Sad to say, sovereign powers are still engaged in bear-baiting. The bear in question may be the symbolic representative of Russia, but the principle is the same. De-fang it by stripping away all the territories you can trick or bribe into abandoning their homeland. Pare back its claws by means of economic sabotage and diplomatic chicanery. Chain it unfairly behind indefensible borders. And then send in your dogs.

And were there ever dogs so vicious as the dogs of the West? The dogs of NATO? Poor Mikhail Gorbachev: bedazzled by dreams of a democratic and de-militarised Eastern Europe; intoxicated by the idea of a free and mutually supportive association of nation states stretching all the way from the North Sea to the Pacific Ocean; he foolishly neglected to get in writing President George H. W. Bush’s guarantee that NATO would not advance “one inch” beyond the River Elbe.

How could he have forgotten the old Russian proverb that no less a person than Ronald Reagan had quoted to him (in passable Russian) Doveryay, no proveryay: “Trust, but verify.”

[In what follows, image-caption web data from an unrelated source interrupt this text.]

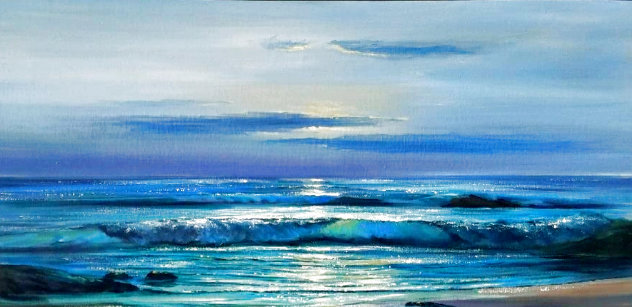 Untitled Seascape 1960 32x56 Original Painting by Violet Parkhurst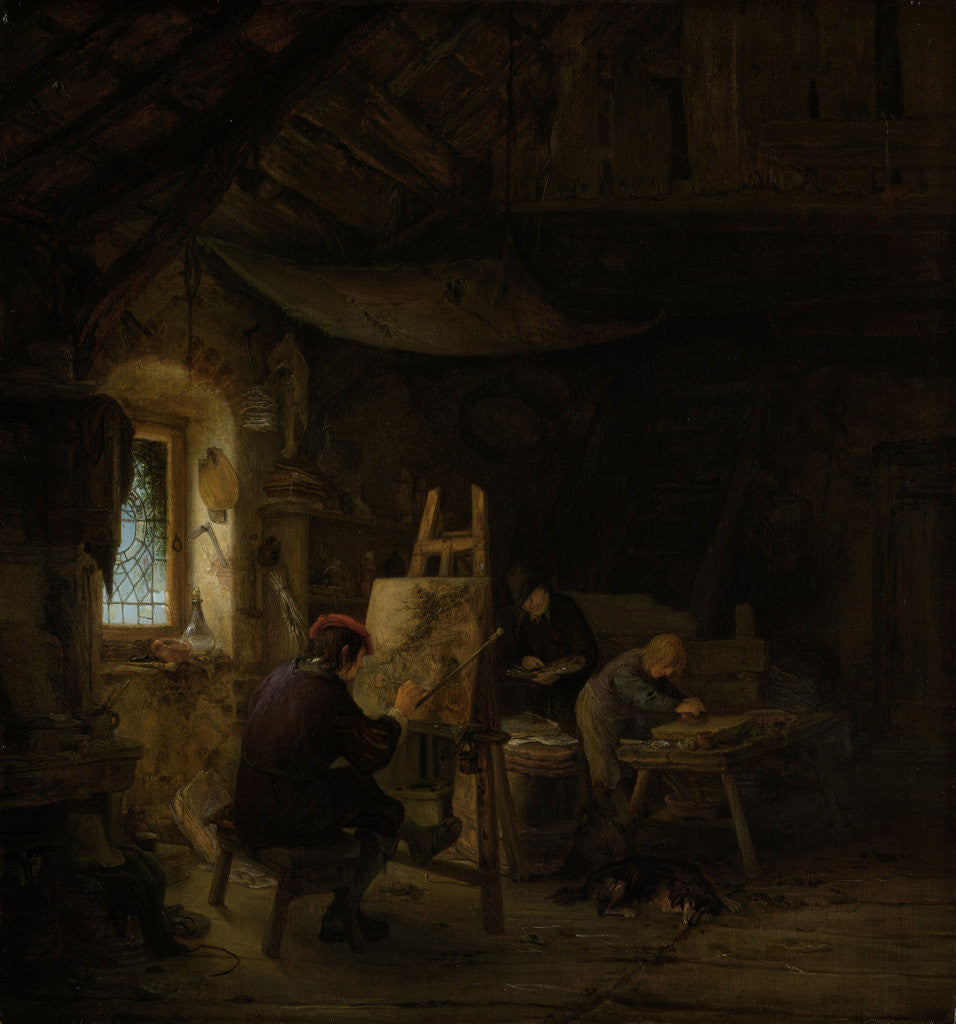 Detail of The Painter’s Studio by Adriaen van Ostade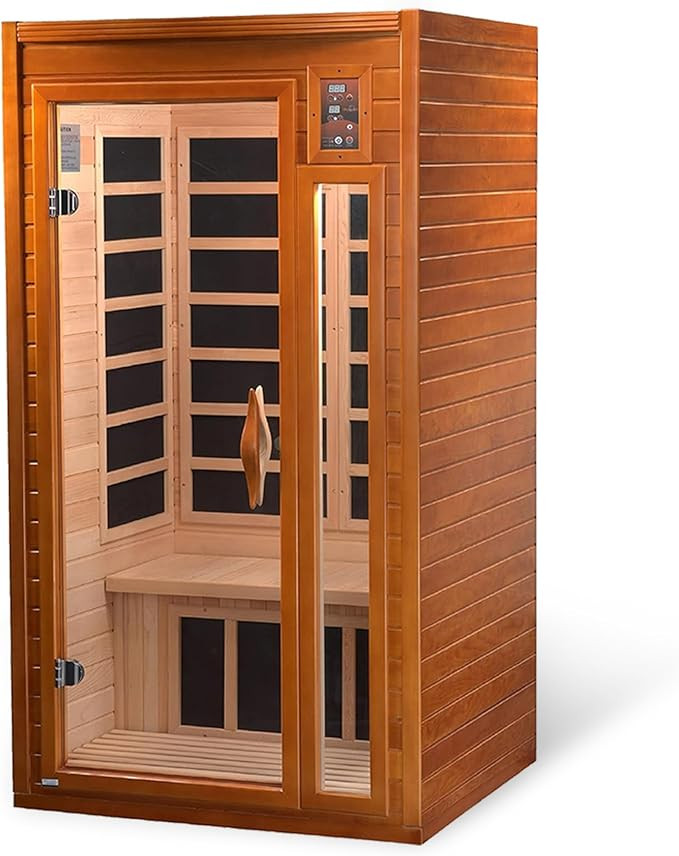 DYNAMIC SAUNAS Barcelona 1- to 2-Person Low EMF FAR Infrared Sauna with Red Light Therapy & Bluet... | Amazon (US)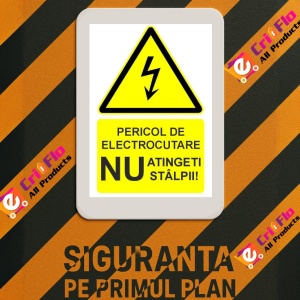 Indicator Pericol de electrocutare nu atingeti stalpii indicator de avertizare, Sticker autocolant - Img 3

Ah, but those NATO dogs are cunning fellows. Thirty-two years after Bush and his Secretary of State, James Baker, gave their word to Gorbachev, they snarl at the Russian bear: “Where’s your proof that NATO ever offered such a guarantee? You have no proof. You lie!”

The Western Media, a dog whose teeth are every bit as sharp as NATO’s, gleefully inserts the word “contested” whenever the Russian President, Vladimir Putin, repeats Gorbachev’s claim.

In this baiting game, however, no dog is more gangrel, greedy or vicious than the puppet-regime purporting to represent the people of the Ukraine. Installed by the Americans in 2014, after their armed gangs of self-avowed fascists had driven the elected government from power, Kyiv’s humble servants have kept a very useful small-war smouldering on Russia’s border for 8 years. Their signature on the Minsk Protocol as worthless as all their subsequent protestations of peace and goodwill.

It is certainly fine sport, this high-stakes game of bear-baiting. Ukraine’s dog goes in first, hackles raised, teeth bared. Close behind sidle NATO’s new members – Poland, Romania, Bulgaria and the Baltic States – jaws slavering, US-supplied fangs gleaming. While all around them, wild and eager, the newshounds of the Western media bark and bark and bark. Only France and Germany hang back. They’ve baited this bear before and know from bitter experience how sharp are its teeth, how dangerous its claws.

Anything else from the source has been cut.